« Portrait du Docteur Arpad Plesch » 1961-1962

Huile sur toile

78 x 70 cm

En haut à gauche monogrammé et daté « GS 13 XII 61 / 21 IV 62 » Au verso monogrammé et daté «  GS 13 XII 60/61 » Bibliographie : « Répertoire bibliographique de la bibliothèque d'Arpad Plesch, 1001 livres botaniques » 1973, repr. p. 4 Roger Berthoud : « Graham Sutherland a Biography », 1982, pp. 244-245 Provenance : Famille Plesch

Sutherland est un artiste en marge des grands courants artistiques bien qu’il existe des affinités entre son œuvre et celle de certains grands artistes surréalistes tels que Max Ernst, André Masson, Wilfredo Lam ou Wolfgang Paalen. Son œuvre se déploie dans trois directions principales : le paysage, la peinture religieuse et le portrait. Ce sont ses portraits, commandés par d’importantes personnalités, qui le rendent célèbre. Sutherland fixe par exemple les traits de Winston Churchill en 1954, à l’occasion du quatre-vingtième anniversaire de l’homme d’Etat. Si les portraits de Sutherland paraissent sobres et réalistes, ils ne sont pour autant jamais conventionnels : négligeant le fond du tableau et le décor, ils se concentrent sur le visage, les mains et la posture du modèle dont le peintre s’attache à faire ressortir l’humanité et la psychologie.

Dans ce portrait, Sutherland représente le Hongrois Árpád Plesch (1889-1974), financier d’envergure internationale, banquier et avocat. Ayant quitté son pays, il étudia un certain temps à l’Université d’Edimbourg avant de s’établir en Allemagne, en France puis en Suisse.

Propriétaire d’une célèbre collection de dessins et d’ouvrages sur la botanique, Plesch était aussi le conseiller de la première fortune d’Italie, Giovanni Agnelli, Président de Fiat. Il côtoya de fait la gentry internationale de la deuxième moitié du XXème siècle. 
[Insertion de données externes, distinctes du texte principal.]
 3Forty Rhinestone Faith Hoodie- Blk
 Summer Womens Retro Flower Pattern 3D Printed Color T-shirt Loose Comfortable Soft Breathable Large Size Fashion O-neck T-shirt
La personnalité puissante de Plesch qu’imposent un front dégagé, une expression volontaire et un regard assuré, est renforcée par le jeu des mains glissant sur la barre d’appui, alors qu’il s’apprête à ranger ou à consulter un ouvrage relié. La physionomie du modèle se détache sur un fond rouge orange soutenu, d’apparence abstraite. Sa tonalité s’accorde avec l’énergie du personnage tout en rehaussant la vivacité de la composition. Un carnet de croquis, conservé à la Tate Gallery, présente sur l’un de ses feuillets deux études qui expliquent l’attitude atypique du banquier. Le modèle est représenté le bras posé sur la rampe d’un escabeau de bibliothèque, sans doute celle de la Villa Leonina. Le volume rouge qu’il tient icide la main gauche symbolise sa passion de bibliophile. Un tel dispositif est traditionnel dans le portrait européen. La pose elle-même, bien qu’elle relève ici de l’instantané photographique, n’en rappelle pas moins diverses figures du monde littéraire, théâtral et musical peintes par Joshua Reynolds et Thomas Gainsborough.

Sutherland passa une partie du mois d’août et la majeure partie du mois de septembre 1961 à fixer les traits de Plesch, âgé de plus de 70 ans. Ce dernier vivait alors retiré à La Leonina, spacieuse villa située à Beaulieu dans le sud de la France, en compagnie de sa femme, Etti. Le tableau que l’on découvre ici fut présenté à Plesch chez Lord Beaverbrook qui avait réuni le peintre et le modèle à Londres, un soir de décembre. Plesch accepta le portrait et l’intégra aux lambris de sa bibliothèque de la Villa Leonina, comme semble le prouver la bordure de chêne qui l’encadre et qui provient de la boiserie. Lorsque Plesch mourut en 1974, à l’âge de 85 ans, Sutherland donna à sa veuve une autre version à fond brunâtre qui n’avait pas été retenue par Arpad Plesch et cette dernière donna la version à fond rouge à sa fille.